» Task requirements:
Where a picture shows up in the listing below, omit it and output the rest exactly.

» Dataset section:
=== Section Start ===
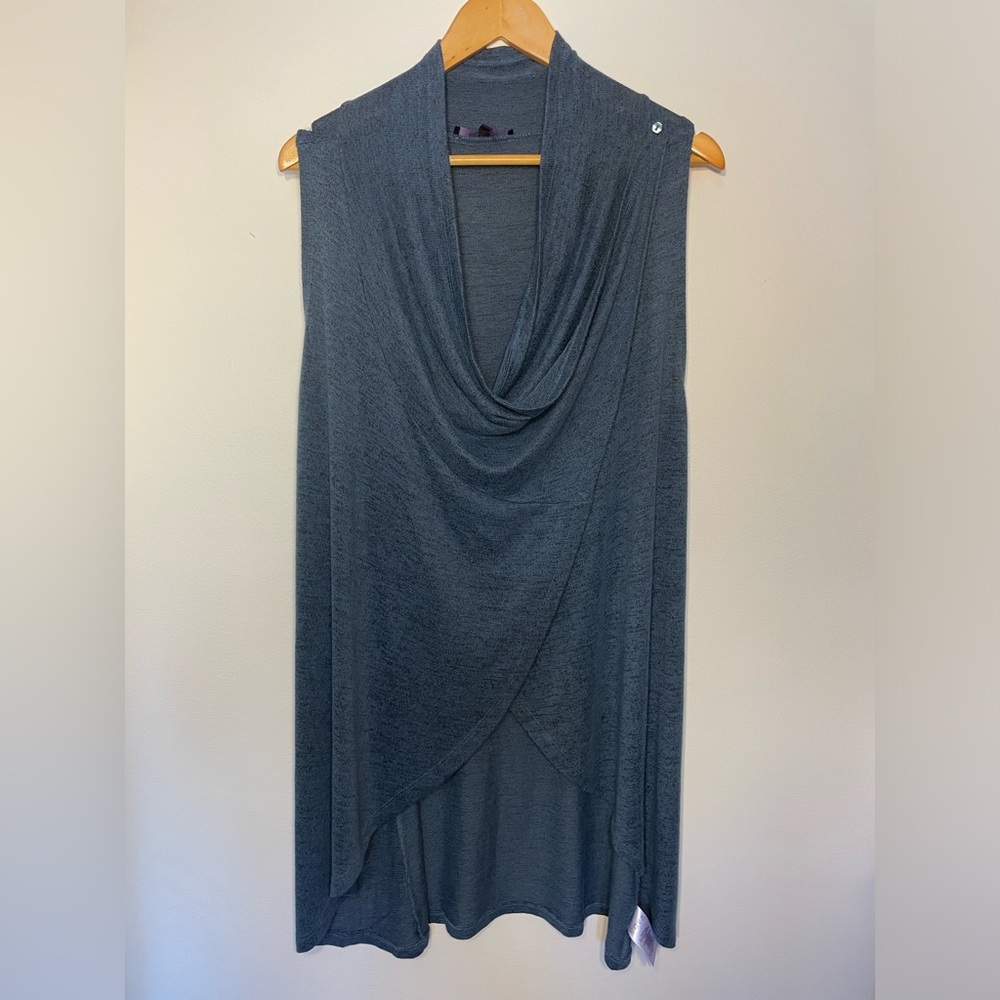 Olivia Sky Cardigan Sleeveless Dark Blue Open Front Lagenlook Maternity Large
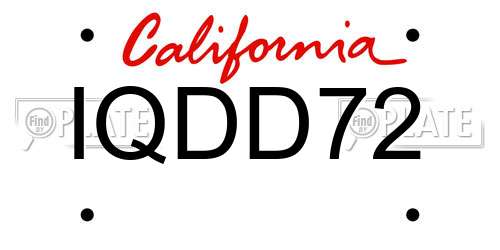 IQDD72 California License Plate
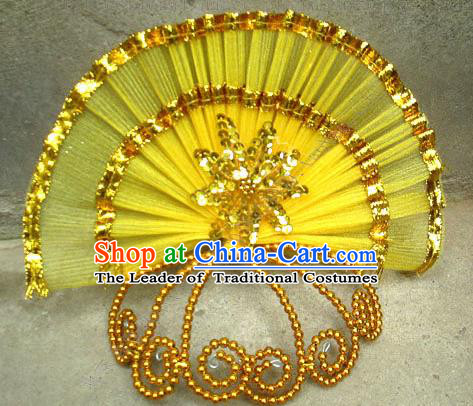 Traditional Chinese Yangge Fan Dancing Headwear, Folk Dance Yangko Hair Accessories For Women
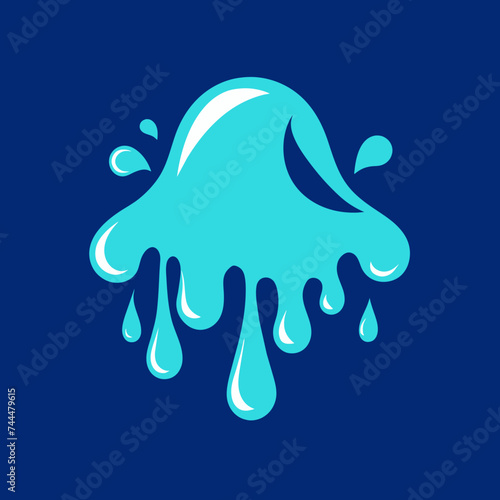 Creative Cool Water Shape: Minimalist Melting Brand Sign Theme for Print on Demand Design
=== Section End ===
» Finished exercise:
 Olivia Sky Cardigan Sleeveless Dark Blue Open Front Lagenlook Maternity Large
 IQDD72 California License Plate
 Traditional Chinese Yangge Fan Dancing Headwear, Folk Dance Yangko Hair Accessories For Women
 Creative Cool Water Shape: Minimalist Melting Brand Sign Theme for Print on Demand Design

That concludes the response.